CREATE TABLE test_y (
  id smallint(5) unsigned NOT NULL auto_increment,
  val varchar(5) NOT NULL default '',
  PRIMARY KEY  (id,val),
  UNIQUE KEY val (val)
) TYPE=MyISAM CHARSET=latin1 COLLATE latin1_german1_ci;
[19 Dec 2003 1:43] Werner Stuerenburg
as you could see, on my system, I'm using the character set latin1, but the customer told me, he was using a German character set, and if I'm not mistaken, it's called something like latin_de; anyway, I don't know about character sets, but I do know that 'y' is a common character contained in the 7 bit character set, whereas 'ü' is not, so I would really like to know about any character set capable of confusing these two -- should be really amazing, right? As far as I know, all 7 bit characters are identical in all character sets -- ASCII, but then, things might be much more complicated than I can imagine.
[19 Dec 2003 1:53] Werner Stuerenburg
Alexander, thanks a lot for pointing this out: from a systematic point of view, I'd say it is not acceptable to consider two different characters as equal. I don't know much about the Swedish sorting order, but I guess Swedish people would be confused if those two characters would be mixed up in any odd order. By the way, how do you implement this "consider different things as equal"?
[19 Dec 2003 2:38] Alexander Barkov
Werner, this is what Swedish and Finnish people do expect.
Please take a look here:
  http://www.genealogia.fi/faq/faq013e.htm

In German installation those letters are not the same.
There are two German rules implemented in MySQL, according to DIN1 and DIN2.
Note, character sets and collations implementation was significantly changed,
and names are different in 4.0 and 4.1.

They are:
  - german1 and latin1_de in 4.0
  - latin1_german1_ci and latin1_german2_ci  in 4.1.

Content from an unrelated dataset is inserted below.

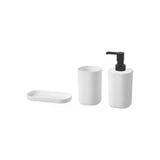 Storavan Banyo Aksesuar Seti Sıvı Sabunluk Katı Sabunluk Diş Fırçalık 3Lü Set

Answering to "who do we sort different characters the same":
We use arrays that assign sorting weights to characters.
For Swedish sorting  'y' and 'ü' just have the same weights.
[19 Dec 2003 2:52] Alexander Barkov
Sorry for the typo, "who do we sort" -> "how do we sort".
[19 Dec 2003 4:21] Werner Stuerenburg
In my understanding, this issue can be closed. It's not a bug, it's a feature! ;-)
[19 Dec 2003 4:36] Alexander Barkov
I have already done it :)
The status of this ticket is "Not a Bug".